Chłopie z tym do elektryka, aleś mnie rozbawił, szukaj mechanika, ale już powiedziałem ci werdykt, nie dbałeś o układ paliwowy, i woda zrobiła swoje, korozja, to zaraza dla auta, wlej 98 10 litów i doktorka do paliwa std, i powinno pomóc, a o elektrykę się nie martw, bo fiaty nie chorują na elektrykę. Chłopie, wierzysz w te komunikaty, na desce, fps, wng, zko, lkm, to nic nie znaczy, komputer jest durny i pokazuje, co pokazuje, mechanik mierzy ciśnienie ma garach i tyle i sprawdza iskrę, o jakich ty pomiarach gadasz, ja już przez ciebie też zdurniałem, mechanik diagnozuje usterkę taką w pięć minut, chyba, że chce cię naciągnąć, to wtedy, gada, uszczelka, uszczelka, to wtedy go zabijasz śmiechem, uszczelka panie to będzie w portfelu po remoncie, ciśnienie jest ok. iskra ok. także bez ściemy panowie. Żaden czujnik na desce nie jest wiarygodny, i teraz, nawet jak nie ma ciśnienia na tłokach to o niczym nie świadczy i mogą cię naciągnąć na remont, gdyż może się popa wody i oleju nie wyrabiać i i stąd te przeciągi w silniku, w nowych silnikach zawsze to jest pompa, albo wody albo oleju, albo nawet miska olejowa.
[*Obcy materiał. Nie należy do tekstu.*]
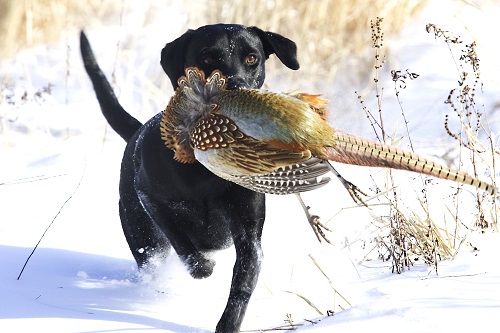 Dustin Owen, of Omaha, with his Labs Minnie and Bo during a pheasant hunt in Colfax County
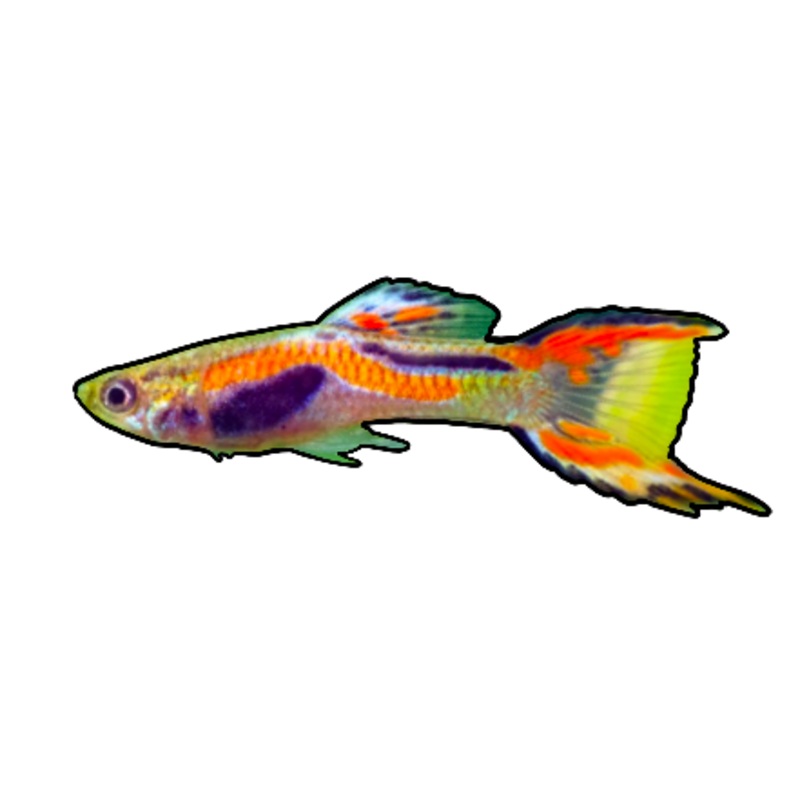 Endler's Guppy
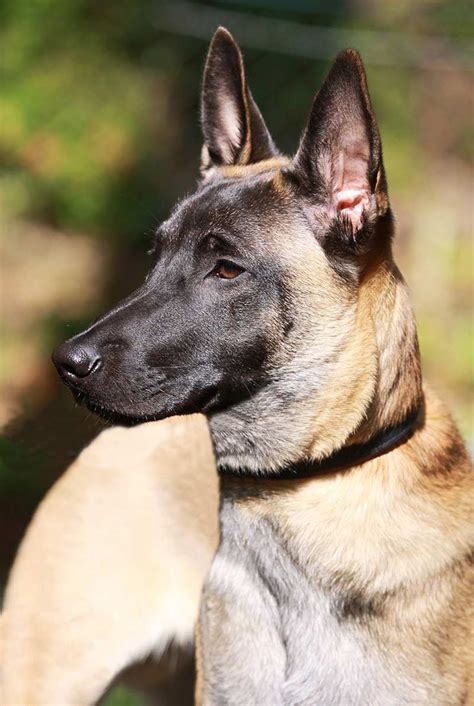 Belgian Mallinois Smiling Dogs Belgium Malinois Belgian Malinois Dog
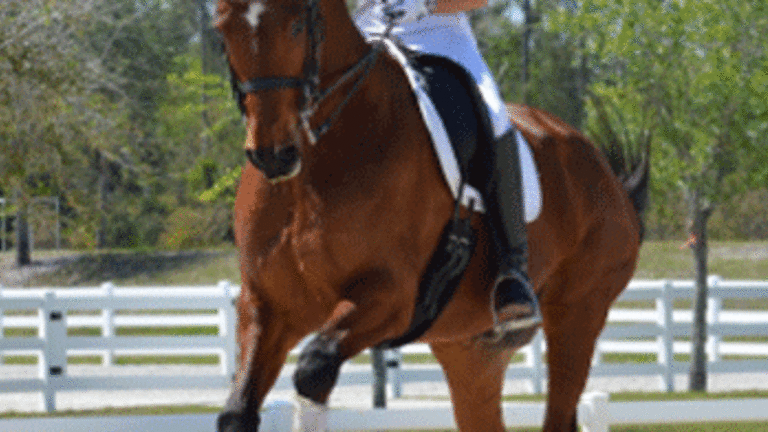 Dancing With Horses
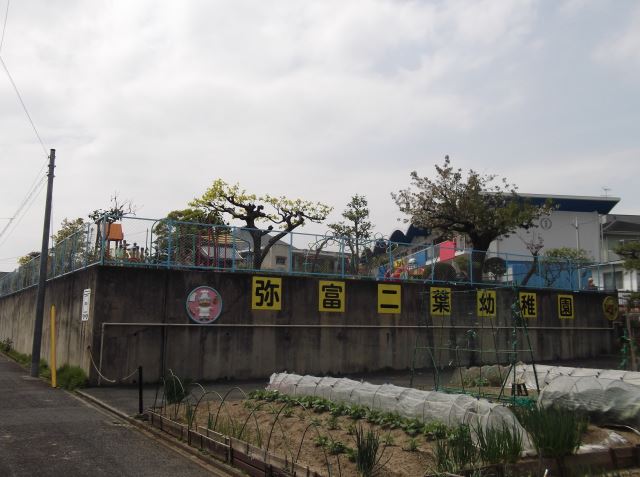 幼稚園・保育園　弥富二葉幼稚園（幼稚園・保育園）まで310m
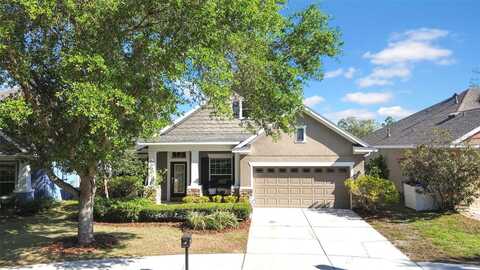 15861 STARLING WATER DRIVE, LITHIA, FL 33547
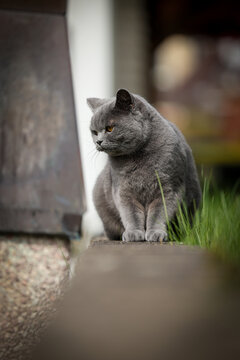 Elegant gray British Shorthair cat with striking amber eyes standing outdoors in soft natural light.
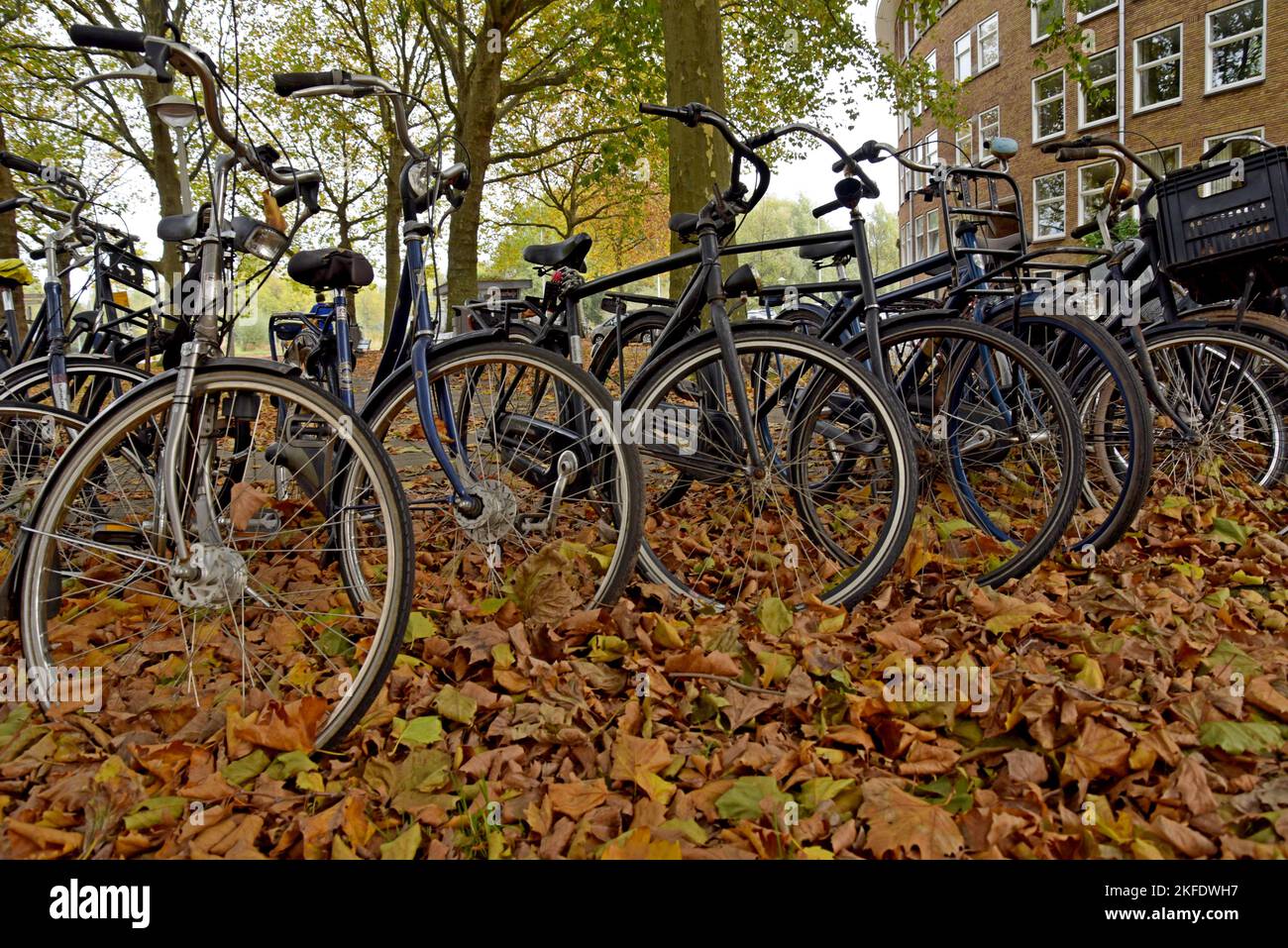 A row of parked bicycles in fallen autumn leaves at a bike parking space in Amsterdam, Netherlands Stock Photo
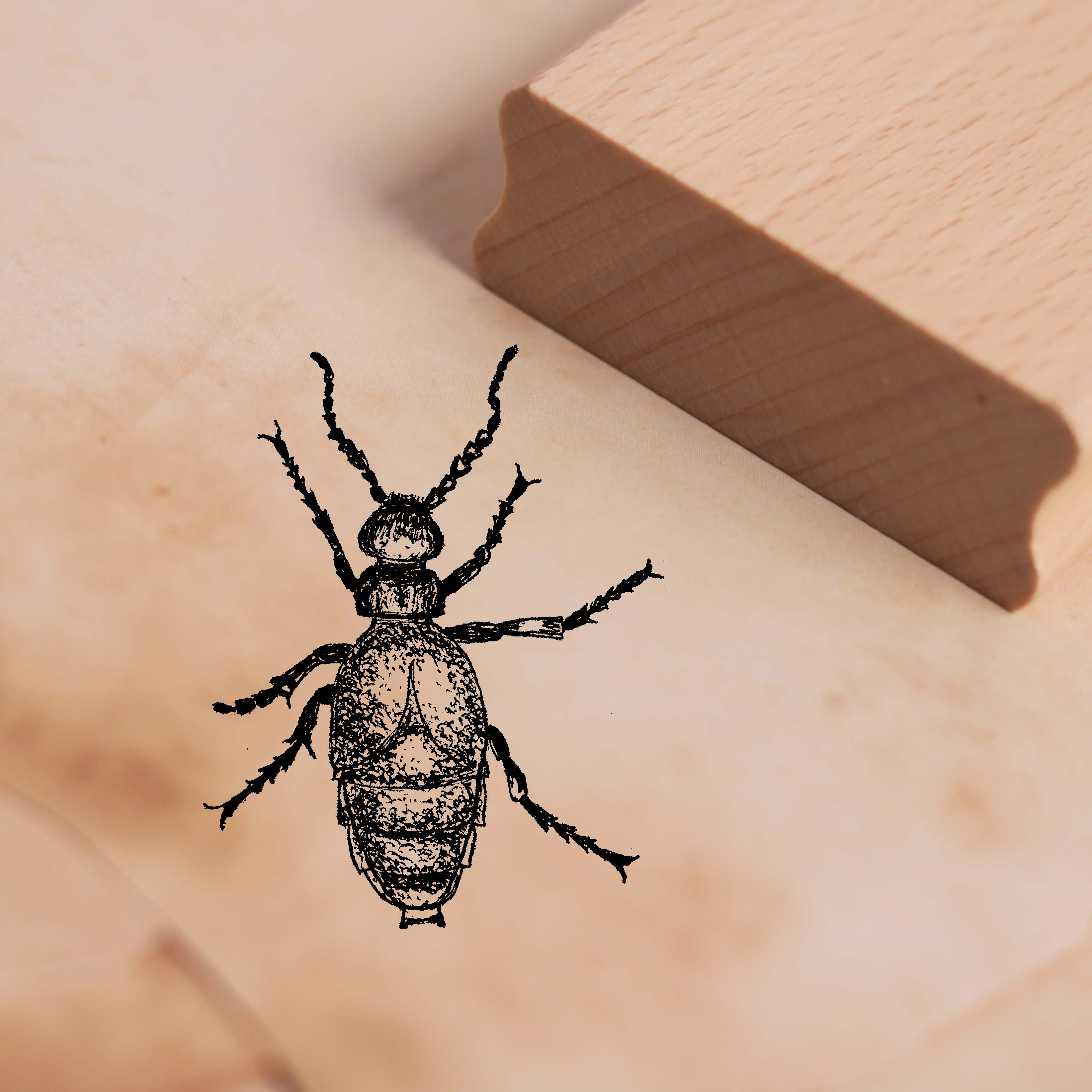 Motivstempel Ölkäfer - Käfer Stempel Holzstempel 38 x 48 mm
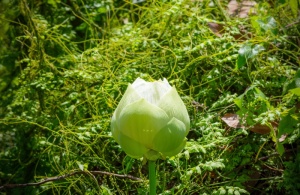 花，莲花，自然，夏天，绿色，植物，花朵，亚洲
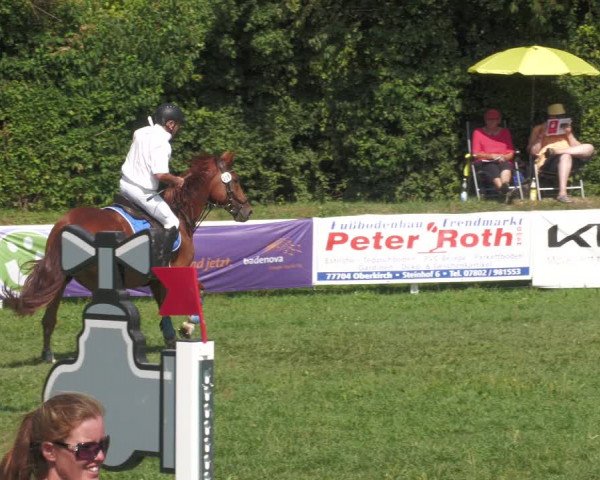 Reitturnier Nussbach 2022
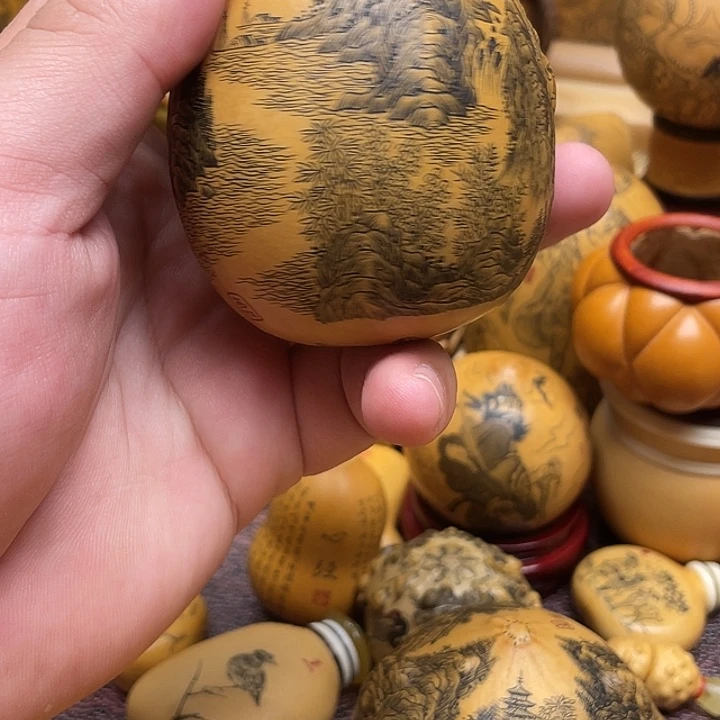 空***。我是一只小小鸟地域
Remont, też może być, ale wtedy lepiej nowy silnik wsadzić, chyba. Gaz jest ok. bo silnik pracuje tak samo na gazie, ale wiesz, że nie można rozpalać na gazie, dlatego to układ paliwowy na 99%. Z tego ci widzę, ty nie rozumiesz trochę jak taki silnik działa, silnik spalinowy to dobry silnik, wbrew temu co się teraz gada, elektryki i tak dalej, spaliniak robi robotę, ale na pewno to nie elektryka.
Ostatnio edytowane przez Artur45672 ; 21-02-2017 o 22:08
Ale jak to czytam to problem jest z elektryka bo po wilgotnym dniu autko nie chce kręcić a nie odpalić, to co ma do tego ilość paliwa w zbiorniku. U mechanika to jest ok bo autko stoi w garażu a nie na dworze, a pobór 0,3A na postoju to jest w normie.
Ostatnio edytowane przez szary1977 ; 22-02-2017 o 11:10
Bajki, żadna elektryka, takich bajek to ja nie słyszałem, auto jak jest iskra musi zapalić, sprawdź iskrę na masie, ale na 99 % w seicento elektryka jest wieczna to nie malc z lat 70-siątych. Iskra ma byś jasnoniebieska a najlepiej jedź na mierzenie ciśnienia na garach to będziesz miał pewność.
Auto wróciło do tego samego elektryka, na szczęście u nas cały czas leje i sprawdził pobór bo mu tak samo rozwaliło aku do 0, wyszło 1,8A, co się okazało , że to alternator. Co prawda, ma on 1,5 roku , ale jest chiński za 200 zł.
Bajki, żadna elektryka, takich bajek to ja nie słyszałem, auto jak jest iskra musi zapalić, sprawdź iskrę na masie, ale na 99 % w seicento elektryka jest wieczna to nie malc z lat 70-siątych. Iskra ma byś jasnoniebieska a najlepiej jedź na mierzenie ciśnienia na garach to będziesz miał pewność.
A powiedz mi jak ma sprawdzić tą iskrę jeżeli napisał wyraźnie że autko nie kręci, to chyba logika że coś z elektryką bo rozładowuje akumulator, jeżeli Ty w ten sposób podchodzisz do napraw auta to życzę sukcesów.